==== MATERIAL FOR THE TASK ====

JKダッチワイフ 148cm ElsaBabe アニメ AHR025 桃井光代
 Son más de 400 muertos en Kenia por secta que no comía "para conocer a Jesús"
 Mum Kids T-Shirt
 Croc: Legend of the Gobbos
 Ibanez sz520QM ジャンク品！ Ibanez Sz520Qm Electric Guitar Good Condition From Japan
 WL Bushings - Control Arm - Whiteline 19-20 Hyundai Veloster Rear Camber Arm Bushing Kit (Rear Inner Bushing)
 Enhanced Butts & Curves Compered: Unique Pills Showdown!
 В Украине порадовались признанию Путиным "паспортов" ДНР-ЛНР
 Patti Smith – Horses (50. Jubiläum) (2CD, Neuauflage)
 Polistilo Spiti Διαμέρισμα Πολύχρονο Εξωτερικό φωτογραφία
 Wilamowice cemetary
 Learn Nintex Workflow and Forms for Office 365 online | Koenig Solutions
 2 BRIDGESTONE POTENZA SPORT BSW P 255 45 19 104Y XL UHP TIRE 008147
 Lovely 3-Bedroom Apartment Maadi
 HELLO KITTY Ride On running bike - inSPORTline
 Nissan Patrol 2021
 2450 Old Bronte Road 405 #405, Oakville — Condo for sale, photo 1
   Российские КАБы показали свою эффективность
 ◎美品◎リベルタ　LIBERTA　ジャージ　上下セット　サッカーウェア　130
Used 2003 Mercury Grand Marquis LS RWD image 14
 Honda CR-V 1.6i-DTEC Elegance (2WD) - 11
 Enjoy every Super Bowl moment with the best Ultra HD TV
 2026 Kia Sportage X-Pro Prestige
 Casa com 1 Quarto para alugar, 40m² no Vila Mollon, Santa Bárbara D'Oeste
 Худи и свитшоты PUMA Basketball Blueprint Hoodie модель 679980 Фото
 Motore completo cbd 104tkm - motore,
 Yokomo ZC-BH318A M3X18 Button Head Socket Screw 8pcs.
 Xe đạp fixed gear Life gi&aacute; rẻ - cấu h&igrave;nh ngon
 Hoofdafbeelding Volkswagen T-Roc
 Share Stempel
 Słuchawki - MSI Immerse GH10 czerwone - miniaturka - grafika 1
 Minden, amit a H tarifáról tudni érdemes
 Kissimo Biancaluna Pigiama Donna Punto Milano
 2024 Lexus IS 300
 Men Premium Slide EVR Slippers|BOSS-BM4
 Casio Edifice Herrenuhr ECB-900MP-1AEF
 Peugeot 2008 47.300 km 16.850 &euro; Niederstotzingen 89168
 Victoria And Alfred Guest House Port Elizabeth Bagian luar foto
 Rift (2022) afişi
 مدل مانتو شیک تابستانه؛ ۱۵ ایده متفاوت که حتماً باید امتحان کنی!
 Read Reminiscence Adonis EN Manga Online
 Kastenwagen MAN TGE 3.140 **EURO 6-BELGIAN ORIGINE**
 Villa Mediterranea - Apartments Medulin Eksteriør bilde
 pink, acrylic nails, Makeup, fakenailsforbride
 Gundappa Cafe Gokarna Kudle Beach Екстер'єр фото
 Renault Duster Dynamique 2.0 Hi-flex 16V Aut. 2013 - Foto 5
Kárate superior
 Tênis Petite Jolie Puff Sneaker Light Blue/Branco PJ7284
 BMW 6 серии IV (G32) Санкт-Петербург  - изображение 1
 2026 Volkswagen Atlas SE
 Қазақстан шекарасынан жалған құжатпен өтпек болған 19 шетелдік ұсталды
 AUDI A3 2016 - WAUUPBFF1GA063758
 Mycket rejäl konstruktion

====

Retype the entire listing exactly.

JKダッチワイフ 148cm ElsaBabe アニメ AHR025 桃井光代
 Son más de 400 muertos en Kenia por secta que no comía "para conocer a Jesús"
 Mum Kids T-Shirt
 Croc: Legend of the Gobbos
 Ibanez sz520QM ジャンク品！ Ibanez Sz520Qm Electric Guitar Good Condition From Japan
 WL Bushings - Control Arm - Whiteline 19-20 Hyundai Veloster Rear Camber Arm Bushing Kit (Rear Inner Bushing)
 Enhanced Butts & Curves Compered: Unique Pills Showdown!
 В Украине порадовались признанию Путиным "паспортов" ДНР-ЛНР
 Patti Smith – Horses (50. Jubiläum) (2CD, Neuauflage)
 Polistilo Spiti Διαμέρισμα Πολύχρονο Εξωτερικό φωτογραφία
 Wilamowice cemetary
 Learn Nintex Workflow and Forms for Office 365 online | Koenig Solutions
 2 BRIDGESTONE POTENZA SPORT BSW P 255 45 19 104Y XL UHP TIRE 008147
 Lovely 3-Bedroom Apartment Maadi
 HELLO KITTY Ride On running bike - inSPORTline
 Nissan Patrol 2021
 2450 Old Bronte Road 405 #405, Oakville — Condo for sale, photo 1
   Российские КАБы показали свою эффективность
 ◎美品◎リベルタ　LIBERTA　ジャージ　上下セット　サッカーウェア　130
Used 2003 Mercury Grand Marquis LS RWD image 14
 Honda CR-V 1.6i-DTEC Elegance (2WD) - 11
 Enjoy every Super Bowl moment with the best Ultra HD TV
 2026 Kia Sportage X-Pro Prestige
 Casa com 1 Quarto para alugar, 40m² no Vila Mollon, Santa Bárbara D'Oeste
 Худи и свитшоты PUMA Basketball Blueprint Hoodie модель 679980 Фото
 Motore completo cbd 104tkm - motore,
 Yokomo ZC-BH318A M3X18 Button Head Socket Screw 8pcs.
 Xe đạp fixed gear Life gi&aacute; rẻ - cấu h&igrave;nh ngon
 Hoofdafbeelding Volkswagen T-Roc
 Share Stempel
 Słuchawki - MSI Immerse GH10 czerwone - miniaturka - grafika 1
 Minden, amit a H tarifáról tudni érdemes
 Kissimo Biancaluna Pigiama Donna Punto Milano
 2024 Lexus IS 300
 Men Premium Slide EVR Slippers|BOSS-BM4
 Casio Edifice Herrenuhr ECB-900MP-1AEF
 Peugeot 2008 47.300 km 16.850 &euro; Niederstotzingen 89168
 Victoria And Alfred Guest House Port Elizabeth Bagian luar foto
 Rift (2022) afişi
 مدل مانتو شیک تابستانه؛ ۱۵ ایده متفاوت که حتماً باید امتحان کنی!
 Read Reminiscence Adonis EN Manga Online
 Kastenwagen MAN TGE 3.140 **EURO 6-BELGIAN ORIGINE**
 Villa Mediterranea - Apartments Medulin Eksteriør bilde
 pink, acrylic nails, Makeup, fakenailsforbride
 Gundappa Cafe Gokarna Kudle Beach Екстер'єр фото
 Renault Duster Dynamique 2.0 Hi-flex 16V Aut. 2013 - Foto 5
Kárate superior
 Tênis Petite Jolie Puff Sneaker Light Blue/Branco PJ7284
 BMW 6 серии IV (G32) Санкт-Петербург  - изображение 1
 2026 Volkswagen Atlas SE
 Қазақстан шекарасынан жалған құжатпен өтпек болған 19 шетелдік ұсталды
 AUDI A3 2016 - WAUUPBFF1GA063758
 Mycket rejäl konstruktion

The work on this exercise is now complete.